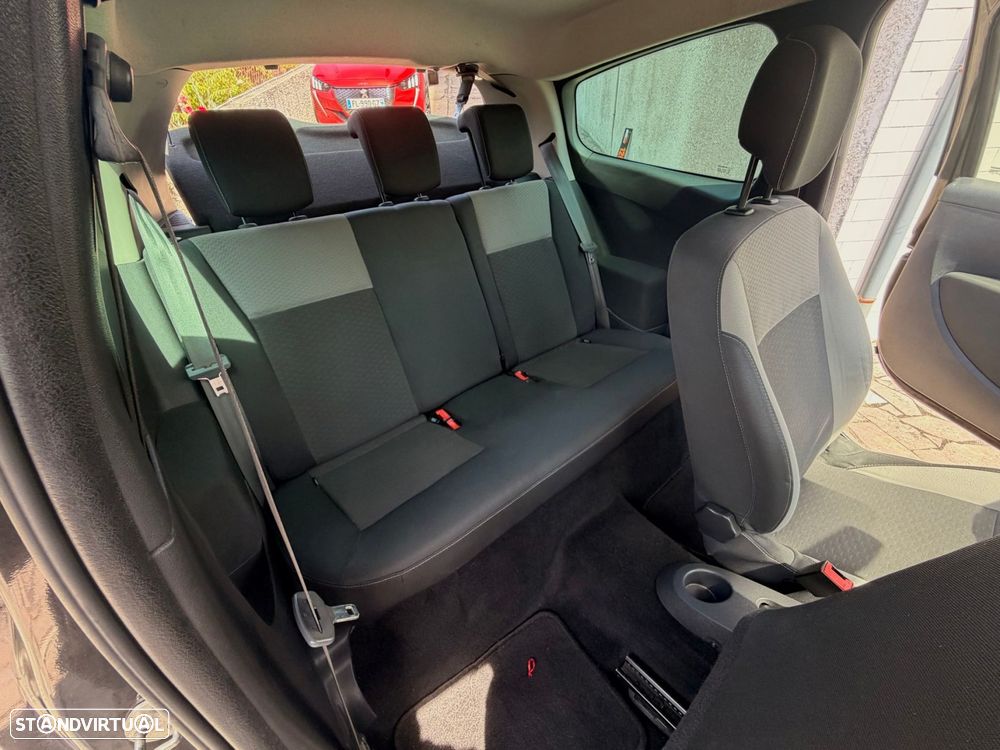 Renault Clio - 33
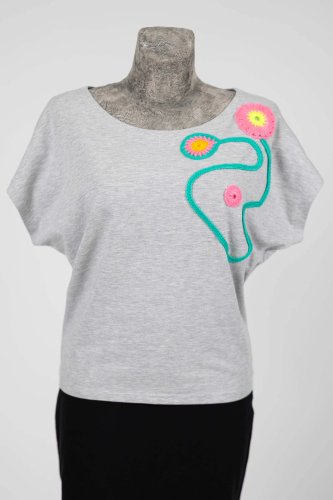 Bluzka-trapezowa-z-szydełkową-aplikacją--marka-VIPPI-DESIGN-r40.jpg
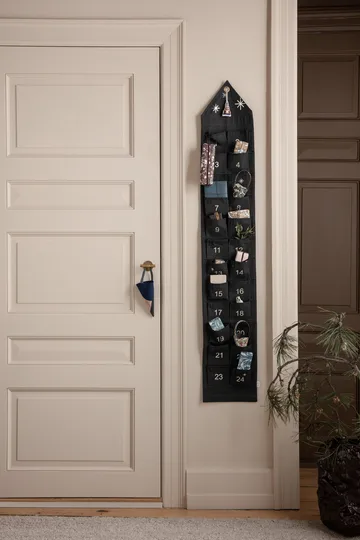 Star julekalender hus 150 cm - Dark green - Ferm Living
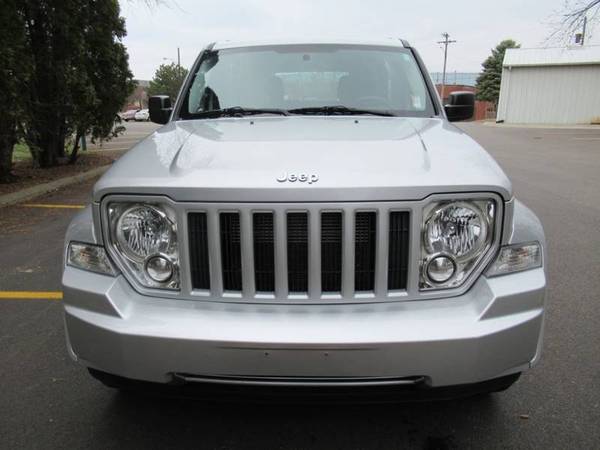 2012 Jeep Liberty Sport 4x4 4dr SUV for sale in Bloomington, IL – photo 13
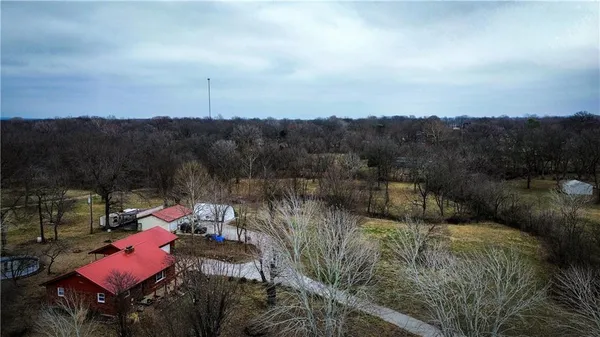 $305,000 | 20650 East 1100th Road, Pleasanton, KS 66075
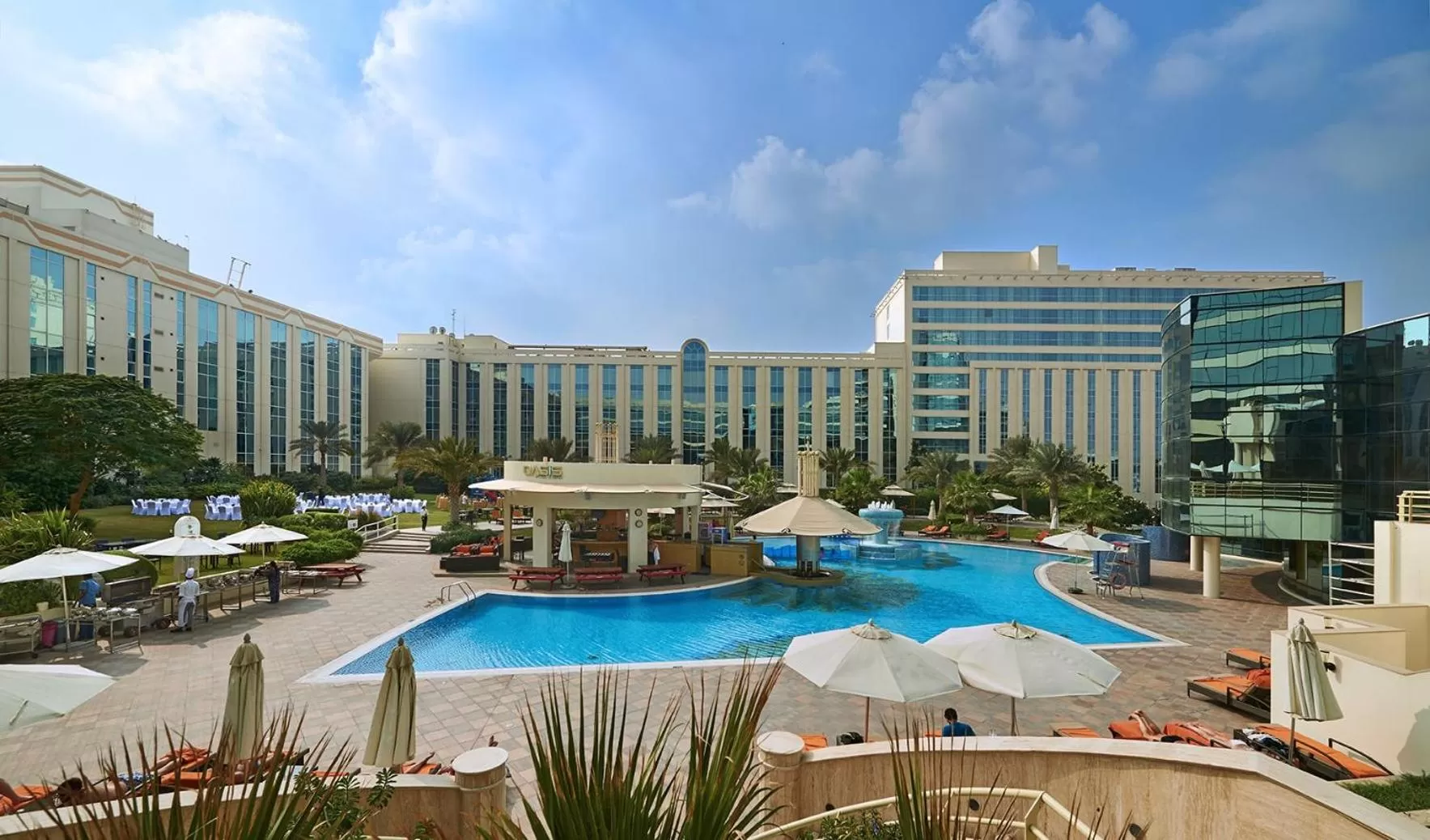 Swimming pool in Millennium Airport Hotel Dubai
------------
» Assignment
All lines from the line containing "Pleasanton, KS 66075" through the end of the listing above are to be given again exactly; pictures are not part of the copy.

» Result of the task
 $305,000 | 20650 East 1100th Road, Pleasanton, KS 66075
 Swimming pool in Millennium Airport Hotel Dubai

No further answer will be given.